BOSTON, August 8—While every technology public relations firm has taken at least a few licks as a result of the economic downturn, FitzGerald Communications was as well placed as any to survive, having expanded its portfolio of services beyond traditional product publicity long before the bottom fell out of the market. With an established expertise in corporate positioning and investor relations, FitzGerald was well placed to help clients deal with some of the issues arising from a tougher economic clients, and now it is extending its offering to include a formal “special situations” offering.
Nicole Russell, senior vice president and a crisis communications veteran, will head the new practice area, which will provide litigation communications support and communications counsel on earnings shortfalls, bankruptcies, corporate restructurings, fraud charges, management changes, financial transactions, and downsizings.
While such services have traditionally been provided by specialist firms in New York, agency founder and CEO Maura FitzGerald believes there is a role for a firm that understands both the pressures of crisis communications and the complexities of technology.
“The current difficult and uncertain economic climate has lead not only to increased M&A opportunities, but also corporate restructuring and companies under financial duress,” says FitzGerald.  “A successful outcome, whether that means winning in the court of public opinion or winning in the courtroom, requires consistent communications to all stakeholders.”

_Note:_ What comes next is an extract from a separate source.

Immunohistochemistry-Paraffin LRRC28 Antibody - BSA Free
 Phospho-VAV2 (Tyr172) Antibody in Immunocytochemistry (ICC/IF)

The agency’s experience in this arena includes Emusic’s legal battle against Napster; restructuring and management change at VerticalNet; the Chapter 11 filing of Quintus Corporation and subsequent sale of assets to Avaya; MSC.Software’s acquisition of services company AES, and subsequent secondary public offering; and the merger of, the leading wireless messaging software company, with a WAP technology pioneer, to form Openwave Corporation
“If the year 2000 was about building brands, then the year 2001 is about protecting brands,” says Russell. “We’re seeing a dramatic shift among our client base from the need for marketing support to a broader need for communications counsel that knows how to handle different reporters, different issues and different audience expectations in the face of ‘special situations.’”
Russell joined FitzGerald in 1999 from Hill & Knowlton, where she was the deputy general manager of the New York office. While at H&K, she served as a spokeswoman for Sunbeam during “Chainsaw Al” Dunlap’s tenure; Cendant, during the largest accounting fraud in U.S. history; and Oxford Health Plans, after this Wall Street’s darling’s market cap declined by $3.4 billion in one day. 
Russell will be supported by Ian Bailey and Bob Joyce, who are promoted to vice presidents from account directors.